4
votes

It would be good to get some tips on tuning Apache Spark for Random Forest classification.
Currently, we have a model that looks like:

  • featureSubsetStrategy all
  • impurity gini
  • maxBins 32
  • maxDepth 11
  • numberOfClasses 2
  • numberOfTrees 100

We are running Spark 1.5.1 as a standalone cluster.

  • 1 Master and 2 Worker nodes.
  • The amount of RAM is 32GB on each node with 4 Cores.
  • The classification takes 440ms.

When we increase the number of trees to 500, it takes 8 sec already. We tried to reduce the depth but then error rate is higher. We have around 246 attributes.

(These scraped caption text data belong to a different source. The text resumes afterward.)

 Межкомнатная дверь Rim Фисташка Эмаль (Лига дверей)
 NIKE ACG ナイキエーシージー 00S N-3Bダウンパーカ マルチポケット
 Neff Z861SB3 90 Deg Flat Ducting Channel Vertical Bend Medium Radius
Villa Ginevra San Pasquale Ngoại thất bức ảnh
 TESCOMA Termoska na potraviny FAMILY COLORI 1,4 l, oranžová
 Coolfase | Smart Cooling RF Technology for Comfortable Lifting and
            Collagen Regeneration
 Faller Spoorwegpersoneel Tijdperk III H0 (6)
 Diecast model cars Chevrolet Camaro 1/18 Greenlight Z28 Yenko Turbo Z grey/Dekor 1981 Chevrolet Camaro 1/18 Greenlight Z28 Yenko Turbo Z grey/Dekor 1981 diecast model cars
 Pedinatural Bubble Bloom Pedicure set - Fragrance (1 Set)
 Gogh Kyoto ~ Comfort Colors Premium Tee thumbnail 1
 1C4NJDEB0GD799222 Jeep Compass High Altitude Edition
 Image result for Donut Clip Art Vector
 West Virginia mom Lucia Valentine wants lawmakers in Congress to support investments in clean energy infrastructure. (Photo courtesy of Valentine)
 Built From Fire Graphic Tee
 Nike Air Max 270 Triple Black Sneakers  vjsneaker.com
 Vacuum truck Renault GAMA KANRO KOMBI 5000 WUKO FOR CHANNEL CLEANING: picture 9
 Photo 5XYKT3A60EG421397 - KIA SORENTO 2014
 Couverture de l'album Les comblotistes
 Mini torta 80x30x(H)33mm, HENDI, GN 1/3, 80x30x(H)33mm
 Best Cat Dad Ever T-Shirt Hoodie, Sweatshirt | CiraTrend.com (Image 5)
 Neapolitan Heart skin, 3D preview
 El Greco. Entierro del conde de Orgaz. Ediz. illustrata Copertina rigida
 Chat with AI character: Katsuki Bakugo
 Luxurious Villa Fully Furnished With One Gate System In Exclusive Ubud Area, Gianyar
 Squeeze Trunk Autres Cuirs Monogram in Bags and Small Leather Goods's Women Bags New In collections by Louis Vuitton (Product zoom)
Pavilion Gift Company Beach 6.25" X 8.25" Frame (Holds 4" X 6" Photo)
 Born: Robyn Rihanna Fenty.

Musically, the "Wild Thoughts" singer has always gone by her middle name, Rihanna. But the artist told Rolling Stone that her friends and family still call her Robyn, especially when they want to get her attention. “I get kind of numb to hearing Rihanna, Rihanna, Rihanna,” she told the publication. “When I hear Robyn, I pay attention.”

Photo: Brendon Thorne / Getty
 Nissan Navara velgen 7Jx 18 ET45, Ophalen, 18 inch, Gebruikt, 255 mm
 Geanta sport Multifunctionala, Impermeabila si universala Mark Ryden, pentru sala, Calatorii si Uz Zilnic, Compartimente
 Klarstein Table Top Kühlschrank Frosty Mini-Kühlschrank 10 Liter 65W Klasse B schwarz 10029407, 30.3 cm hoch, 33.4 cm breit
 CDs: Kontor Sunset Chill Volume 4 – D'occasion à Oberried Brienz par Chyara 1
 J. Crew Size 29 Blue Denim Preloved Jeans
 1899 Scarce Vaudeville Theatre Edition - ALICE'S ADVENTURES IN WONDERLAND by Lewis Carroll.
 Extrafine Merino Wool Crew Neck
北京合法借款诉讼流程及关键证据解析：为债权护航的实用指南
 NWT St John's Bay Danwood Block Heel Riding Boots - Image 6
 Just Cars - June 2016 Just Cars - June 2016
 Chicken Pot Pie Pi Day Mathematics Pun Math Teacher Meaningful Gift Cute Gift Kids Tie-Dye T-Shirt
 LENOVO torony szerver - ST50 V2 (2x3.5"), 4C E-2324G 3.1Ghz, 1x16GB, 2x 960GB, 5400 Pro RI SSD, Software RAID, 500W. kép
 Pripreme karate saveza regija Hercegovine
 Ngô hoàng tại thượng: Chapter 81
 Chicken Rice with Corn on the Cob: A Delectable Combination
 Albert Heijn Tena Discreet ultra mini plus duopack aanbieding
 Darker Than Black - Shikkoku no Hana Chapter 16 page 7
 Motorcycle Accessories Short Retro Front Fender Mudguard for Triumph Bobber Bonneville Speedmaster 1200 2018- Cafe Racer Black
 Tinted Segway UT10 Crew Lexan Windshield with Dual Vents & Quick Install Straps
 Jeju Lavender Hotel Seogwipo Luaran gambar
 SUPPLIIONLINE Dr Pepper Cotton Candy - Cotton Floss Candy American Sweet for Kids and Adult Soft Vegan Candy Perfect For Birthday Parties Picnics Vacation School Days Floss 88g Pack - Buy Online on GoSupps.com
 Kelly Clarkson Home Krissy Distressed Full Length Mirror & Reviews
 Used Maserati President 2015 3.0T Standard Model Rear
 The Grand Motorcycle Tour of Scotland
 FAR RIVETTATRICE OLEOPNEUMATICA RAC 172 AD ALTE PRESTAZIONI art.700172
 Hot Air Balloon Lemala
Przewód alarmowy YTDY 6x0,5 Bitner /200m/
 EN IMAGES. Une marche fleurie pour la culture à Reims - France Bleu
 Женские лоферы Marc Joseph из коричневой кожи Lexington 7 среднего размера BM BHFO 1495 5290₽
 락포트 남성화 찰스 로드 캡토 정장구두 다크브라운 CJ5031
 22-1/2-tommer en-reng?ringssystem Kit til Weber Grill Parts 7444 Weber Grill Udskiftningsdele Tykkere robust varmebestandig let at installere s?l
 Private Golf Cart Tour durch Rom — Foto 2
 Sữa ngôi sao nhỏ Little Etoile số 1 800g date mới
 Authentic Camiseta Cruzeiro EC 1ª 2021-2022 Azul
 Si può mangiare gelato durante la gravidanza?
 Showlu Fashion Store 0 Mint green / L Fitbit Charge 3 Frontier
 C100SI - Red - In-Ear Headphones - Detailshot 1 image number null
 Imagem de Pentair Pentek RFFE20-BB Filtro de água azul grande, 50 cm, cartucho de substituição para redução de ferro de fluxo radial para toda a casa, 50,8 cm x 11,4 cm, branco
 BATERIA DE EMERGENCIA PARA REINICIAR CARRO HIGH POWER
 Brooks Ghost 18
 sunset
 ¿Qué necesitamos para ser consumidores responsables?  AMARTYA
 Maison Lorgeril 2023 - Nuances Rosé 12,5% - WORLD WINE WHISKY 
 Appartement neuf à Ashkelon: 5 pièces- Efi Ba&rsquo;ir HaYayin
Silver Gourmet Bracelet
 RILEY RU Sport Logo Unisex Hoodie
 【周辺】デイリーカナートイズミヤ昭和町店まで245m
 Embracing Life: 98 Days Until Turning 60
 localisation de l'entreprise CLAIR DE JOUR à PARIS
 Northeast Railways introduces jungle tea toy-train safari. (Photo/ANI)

Probably we are doing something wrong. Any ideas how we could improve the performance ?

1
I'm not familiar with Spark, but maybe that's some memory-related problem (e.g. swap)? Because seems that your runtime increases nonlinearly.Ibraim Ganiev
Is it just the prediction that is slow, or also training? Are you just trying to predict one example or many?David Maust
The prediction is very slow, that's the main problem. Before the training was slow as well but speed increased after we have removed categorical features.Alex Ratnikov
Did you solve this issue?Daniel Nitzan

1 Answers

0
votes

Increasing the number of decision trees will definitely increase the prediction time, as the problem instance has to traverse through all the trees. But reducing it is no good for prediction accuracy. You have to vary this parameter (number of decision trees) and find an optimal value. That is why it is called hyper-parameter. Hyper parameters are highly dependent on the nature of your data and attributes. You may need to vary other hyper-parameters as well, one by one, and achieve global optimum.

Also, when you say prediction time, are you including the time to load the model as well ! If so, I guess the model time should not be considered for prediction time. This is only an overhead for loading your model and preparing the application for prediction.